Entries shown below:
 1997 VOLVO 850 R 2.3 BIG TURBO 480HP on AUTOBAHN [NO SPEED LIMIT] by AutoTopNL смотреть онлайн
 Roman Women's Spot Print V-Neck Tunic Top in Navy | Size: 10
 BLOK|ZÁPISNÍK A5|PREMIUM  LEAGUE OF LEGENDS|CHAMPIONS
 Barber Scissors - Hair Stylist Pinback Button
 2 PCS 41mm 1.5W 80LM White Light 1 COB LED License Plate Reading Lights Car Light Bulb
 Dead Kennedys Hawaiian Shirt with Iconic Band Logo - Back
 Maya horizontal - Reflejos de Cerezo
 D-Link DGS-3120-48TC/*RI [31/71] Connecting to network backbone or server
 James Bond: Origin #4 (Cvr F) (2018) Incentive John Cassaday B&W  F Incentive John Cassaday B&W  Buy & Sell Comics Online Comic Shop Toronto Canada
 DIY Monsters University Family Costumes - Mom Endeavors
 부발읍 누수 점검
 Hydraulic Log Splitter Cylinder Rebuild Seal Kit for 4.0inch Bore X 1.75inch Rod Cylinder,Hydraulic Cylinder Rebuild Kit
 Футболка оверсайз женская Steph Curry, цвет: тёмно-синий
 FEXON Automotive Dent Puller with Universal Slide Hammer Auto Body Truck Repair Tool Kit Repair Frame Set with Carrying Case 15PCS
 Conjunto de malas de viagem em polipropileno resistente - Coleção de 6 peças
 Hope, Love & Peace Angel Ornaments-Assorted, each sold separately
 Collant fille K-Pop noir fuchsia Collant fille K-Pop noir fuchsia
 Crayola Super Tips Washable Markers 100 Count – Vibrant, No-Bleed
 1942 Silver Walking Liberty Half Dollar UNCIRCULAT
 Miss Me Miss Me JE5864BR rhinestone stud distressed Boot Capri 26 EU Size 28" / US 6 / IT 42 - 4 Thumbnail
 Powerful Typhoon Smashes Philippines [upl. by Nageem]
End of Entries shown.
-- Instructions to follow --
The lines to copy run from the start of the records above through the line holding "Dead Kennedys Hawaiian"; give them exactly, both ends included, and nothing else.

-- Solution to the problem --
 1997 VOLVO 850 R 2.3 BIG TURBO 480HP on AUTOBAHN [NO SPEED LIMIT] by AutoTopNL смотреть онлайн
 Roman Women's Spot Print V-Neck Tunic Top in Navy | Size: 10
 BLOK|ZÁPISNÍK A5|PREMIUM  LEAGUE OF LEGENDS|CHAMPIONS
 Barber Scissors - Hair Stylist Pinback Button
 2 PCS 41mm 1.5W 80LM White Light 1 COB LED License Plate Reading Lights Car Light Bulb
 Dead Kennedys Hawaiian Shirt with Iconic Band Logo - Back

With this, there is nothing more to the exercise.